Isoscalar Giant Resonances in Highly-Deformed $^{172}$Yb

TL;DR

This study investigates isoscalar giant resonances in highly-deformed $^{172}$Yb using inelastic alpha scattering, revealing resonance splitting, bimodal structures, and deformation effects, with results supported by theoretical calculations.

Contribution

First detailed measurement of isoscalar giant resonances in a highly-deformed nucleus using alpha scattering and multipole analysis, highlighting resonance coupling and deformation effects.

Findings

ISGMR exhibits splitting due to coupling with ISGQR.

Bimodal structure observed in ISGDR strength distribution.

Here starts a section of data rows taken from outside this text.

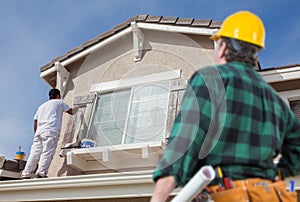 Contractor Overlooking Painter Painting House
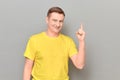 Portrait of happy cheerful mature man raising index finger and smiling Royalty Free Stock Photo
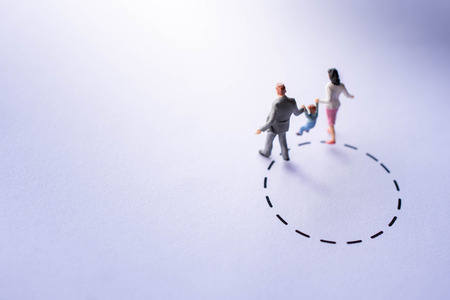 Comfort Zone for Kids Concept. present by Miniature Figure Happy Family Walking outside a Bound. Parent Supporting their Child to make a Differentの写真素材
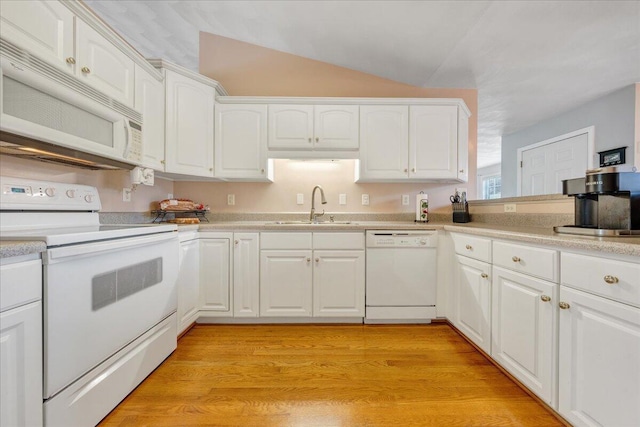 kitchen with lofted ceiling, white appliances, white cabinets, sink, and light hardwood / wood-style floors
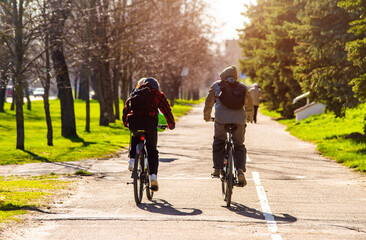 Cyclists ride on the bike path in the city Park
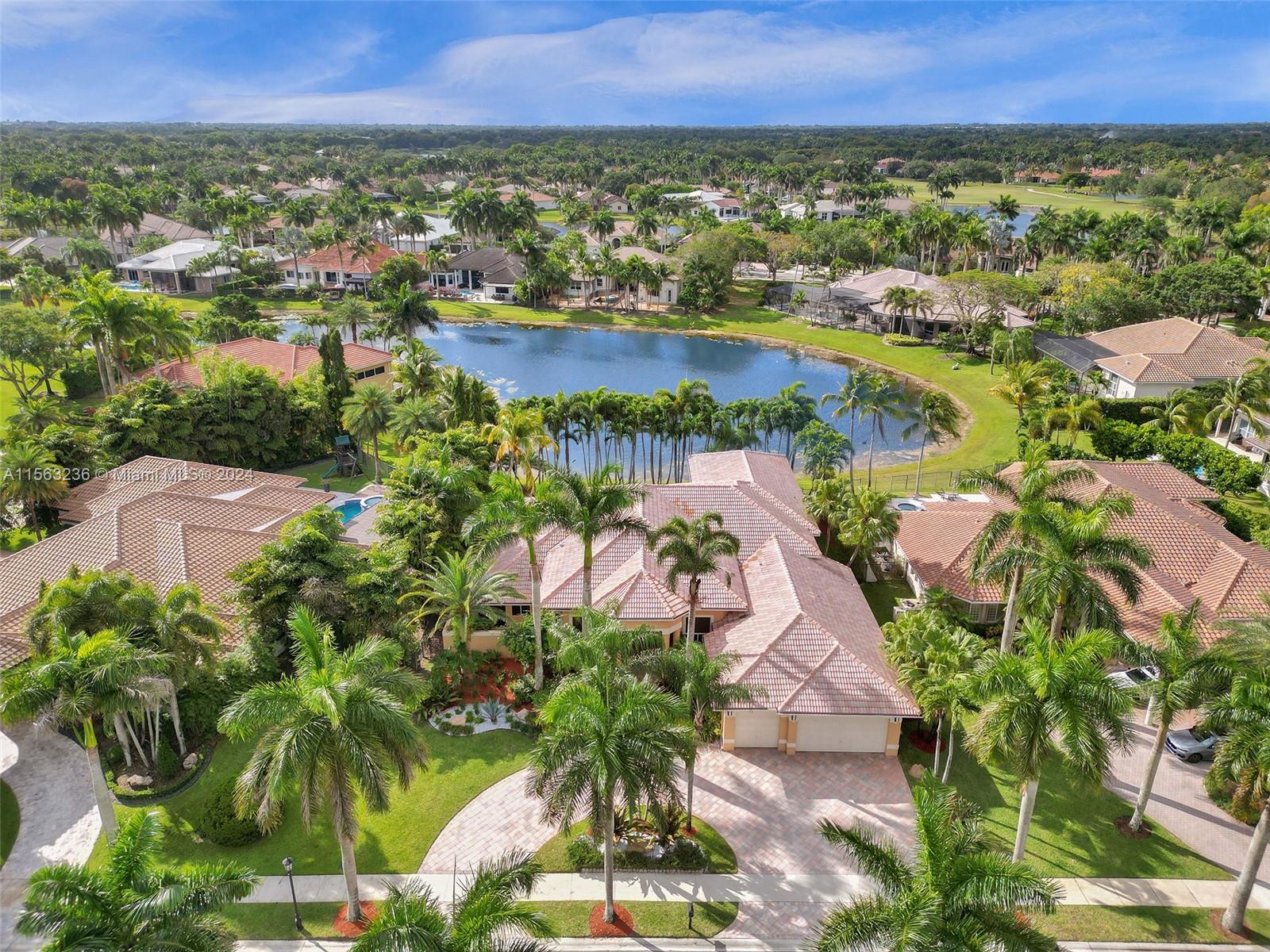 Custom estate in prestigious neighborhood of Poinciana at Weston Hills CC. Situated on 16,345 sqft lot with circular driveway surrounded by royal palm trees and lush landscaping for ultimate privacy. Step inside to large windows that captivate water and pool views. Open layout with high ceilings, crown moldings, decorator touches, and natural light. Double-split floor plan office with custom library. Oversized primary bedroom with sitting area with dual walk-in closets, and dual marble bathrooms with jacuzzi and pool access. Gourmet kitchen has center island with granite, new stainless refrigerator, and wet bar. Backyard, ideal for entertaining, includes a resort-style pool, paver deck, and covered patio. Plus, living here means access to Weston's top-rated schools and lifestyle.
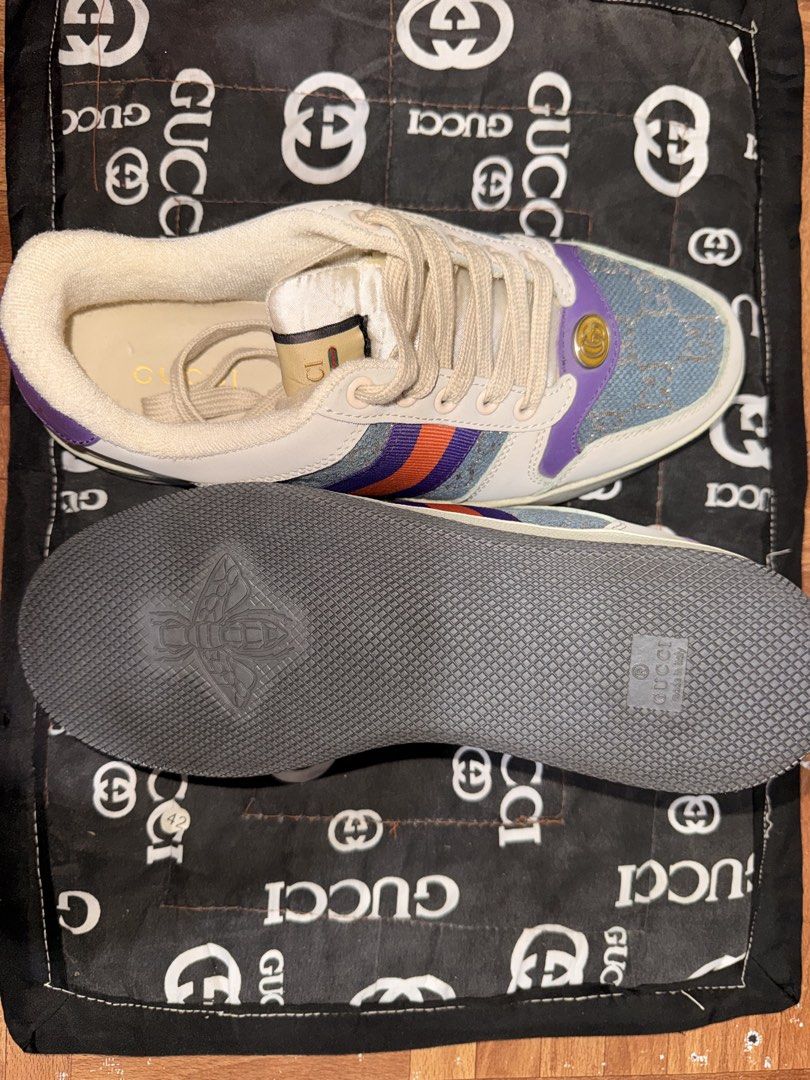Gucci Ace Sneaker Denim GG Supreme (Category: Sneakers) located in Manila. Submitted by adornadoje25733 (Listing ID 1463960960, Image 1). Description: - Authentic Gucci Ace sneakers - Denim and leather construction - Iconic GG Supreme canvas - Signature green and red stripe detail - Purple heel with embossed Gucci logo - Lace-up closure - Includes original dust bag.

Enhanced ISGQR strength near 25 MeV linked to overtone mode.

Abstract

To study the isoscalar giant resonances in a deformed case, background-free $\alpha$-particle inelastic scattering measurements using a 386 MeV $\alpha$ beam were performed on the highly-deformed $^{172}$Yb nucleus using the Grand Raiden spectrometer at the Research Center for Nuclear Physics (RCNP) at very forward angles, including $0^\circ$. The strength distributions for the isoscalar giant resonances up to $L \leq 3$ were obtained using multipole decomposition analysis. The isoscalar giant monopole resonance (ISGMR) strength exhibits a splitting into two components, interpreted as the coupling of the ISGMR with the $K=0$ component of the isoscalar giant quadrupole resonance (ISGQR). A \textit{bimodal} structure is observed in the strength distribution of the isoscalar giant dipole resonance. The ISGQR strength shows an enhancement near 25 MeV, attributed to the excitation of an overtone mode, while the broadening of the main-tone peak is associated with nuclear deformation. The experimental results are well reproduced by theoretical strength distributions calculated using the quasiparticle finite amplitude method for $L \leq 3$.